2.2.6 Fasilitas Kepabeanan dan Perpajakan
Penangguhan Bea Masuk, pembebasan Cukai, dan tidak dipungut PDRI diberikan terhadap barang yang dimasukkan ke Kawasan Berikat berupa:
a) Bahan Baku dan Bahan Penolong asal luar daerah pabean untuk diolah lebih lanjut. b) Barang Modal asal luar daerah pabean dan Barang Modal dari Kawasan Berikat lain yang dipergunakan di Kawasan Berikat. c) Peralatan perkantoran asal luar daerah pabean yang dipergunakan oleh Pengusaha Kawasan Berikat dan/atau PDKB. d) Barang Hasil Produksi Kawasan Berikat lain untuk diolah lebih lanjut atau dijadikan Barang Modal untuk proses produksi. e) Barang Hasil Produksi Kawasan Berikat yang dimasukkan kembali dari luar daerah pabean ke Kawasan Berikat. f) Barang Hasil Produksi Kawasan Berikat yang dimasukkan kembali dari Tempat Penyelenggaraan Pameran Berikat (TPPB) ke Kawasan Berikat.
g) Barang jadi asal luar daerah pabean yang dimasukkan ke Kawasan Berikat untuk digabungkan dengan barang Hasil Produksi Kawasan Berikat yang semata-mata untuk diekspor; dan/atau h) Pengemas dan alat bantu pengemas asal luar daerah pabean dan/atau Kawasan Berikat lainnya yang dimasukkan ke Kawasan Berikat untuk menjadi satu kesatuan dengan barang Hasil Produksi Kawasan Berikat.

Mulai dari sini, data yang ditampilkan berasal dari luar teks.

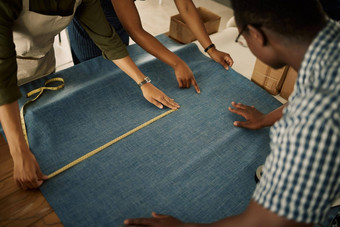 时尚设计风格专业团队测量织物有创意的纺织车间裁缝的同事们创建时尚的时尚服装工厂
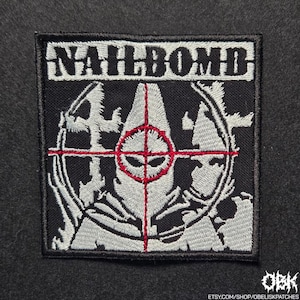 Pode incluir: Patch quadrado preto com a palavra "NAILBOMB" em branco. O design apresenta uma mira vermelha e cinza com uma figura estilizada. O patch é bordado com fio branco e cinza.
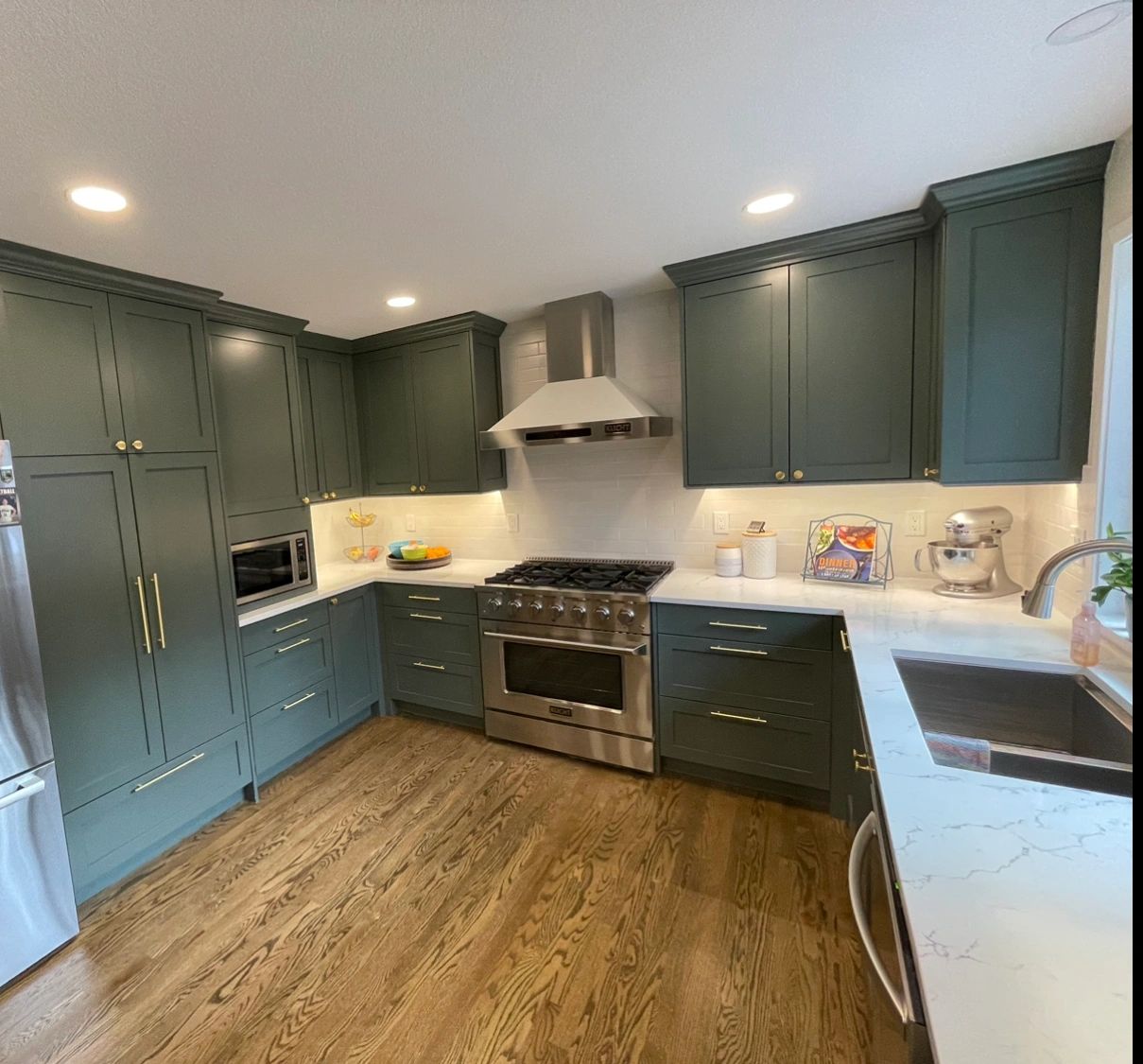 Custom classic shaker kitchen in Littleton with a large pantry and stainless steel appliances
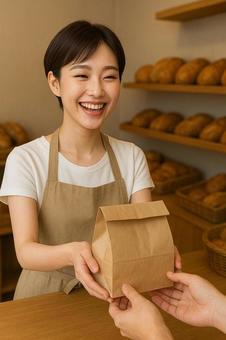 パン屋さんで働く素敵な女性 パン屋さんで働く素敵な女性の写真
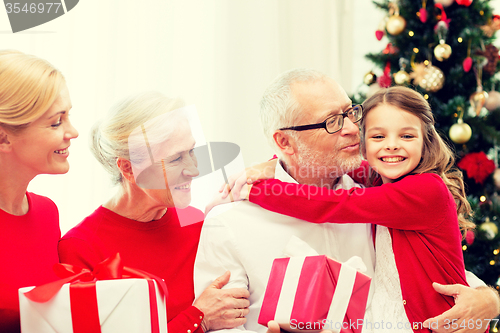 Image of smiling family with gifts at home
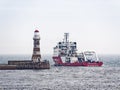 Offshore support and survey vessel Geo Ocean 111 leaves the river Wear at Roker, Sunderland, UK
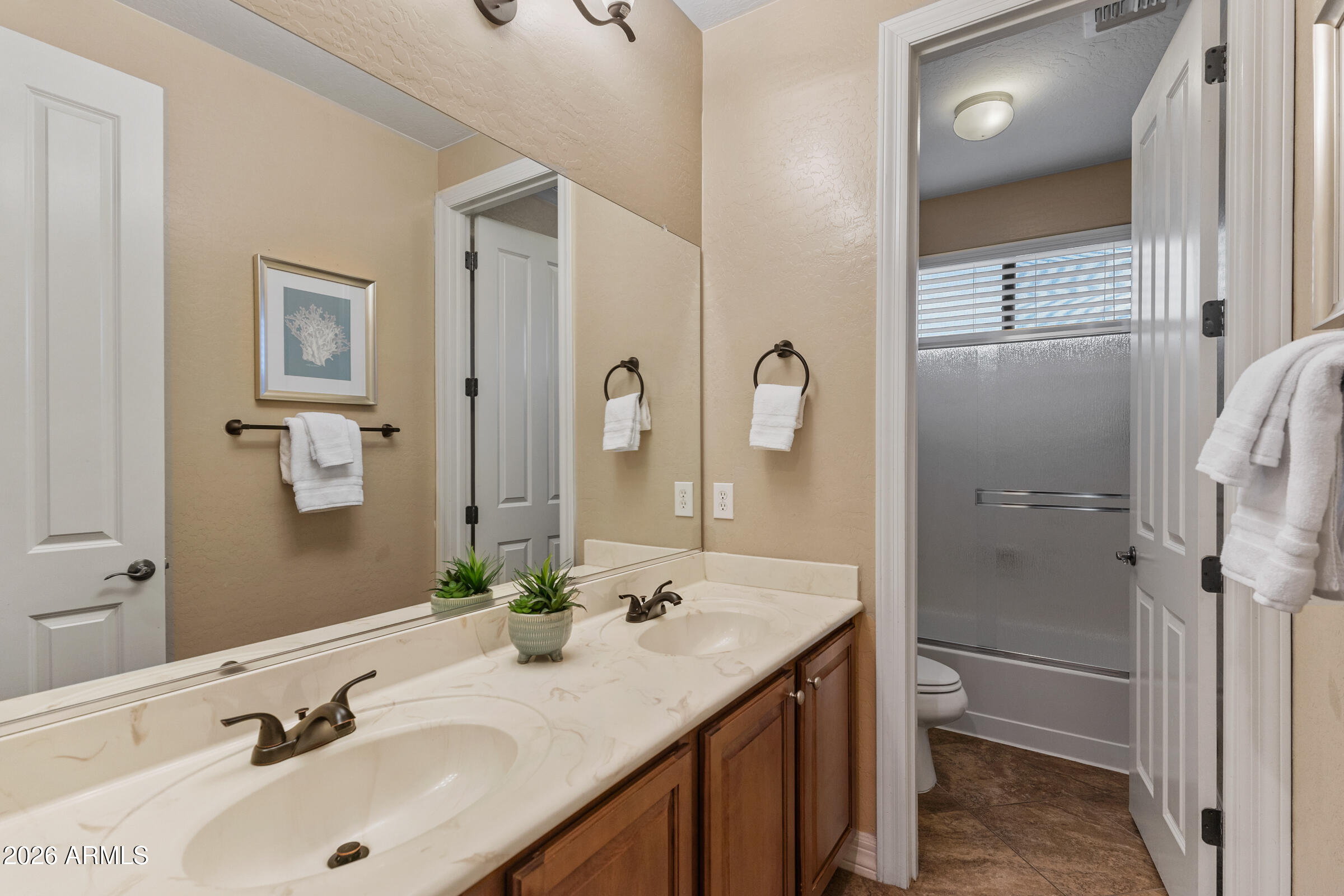 1341 East Macaw Court Gilbert, AZ 85297 - Photo 34 of 49 a bathroom with a tub sink and mirror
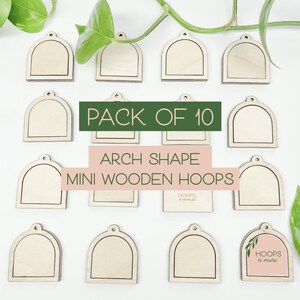 May include: A pack of 10 mini wooden hoops in an arch shape. The hoops are unfinished and ready to be decorated. The text "PACK OF 10" and "ARCH SHAPE MINI WOODEN HOOPS" is printed on the image. The image also includes a small square with the text "HOOPS n' more" printed on it.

Pajak Pertambahan Nilai (PPN) dan Pajak Penjualan atas Barang Mewah (PPnBM) tidak dipungut atas :
a) Pemasukan barang dari tempat lain dalam daerah pabean ke Kawasan Berikat untuk diolah lebih lanjut. b) Pemasukan kembali barang dan Hasil Produksi Kawasan Berikat dalam rangka subkontrak dari Kawasan Berikat lain atau perusahaan industri di tempat lain dalam daerah pabean ke Kawasan Berikat. c) Pemasukan kembali mesin dan/atau cetakan (moulding) dalam rangka peminjaman dari Kawasan Berikat lain atau perusahaan di tempat lain dalam daerah pabean ke Kawasan Berikat. d) Pemasukan Hasil Produksi Kawasan Berikat lain, atau perusahaan di tempat lain dalam daerah pabean yang Bahan Baku untuk menghasilkan hasil produksi berasal dari tempat lain dalam daerah pabean, untuk diolah lebih lanjut oleh Kawasan Berikat.
e) Pemasukan hasil produksi yang berasal dari Kawasan Berikat lain, atau perusahaan di tempat lain dalam daerah pabean yang Bahan Baku untuk menghasilkan hasil produksi tersebut berasal dari tempat lain dalam daerah pabean, yang semata-mata akan digabungkan dengan barang Hasil Produksi Kawasan Berikat untuk diekspor. f) Pemasukan pengemas dan alat bantu pengemas dari tempat lain dalam daerah pabean ke Kawasan Berikat untuk menjadi satu kesatuan dengan Hasil Produksi Kawasan Berikat.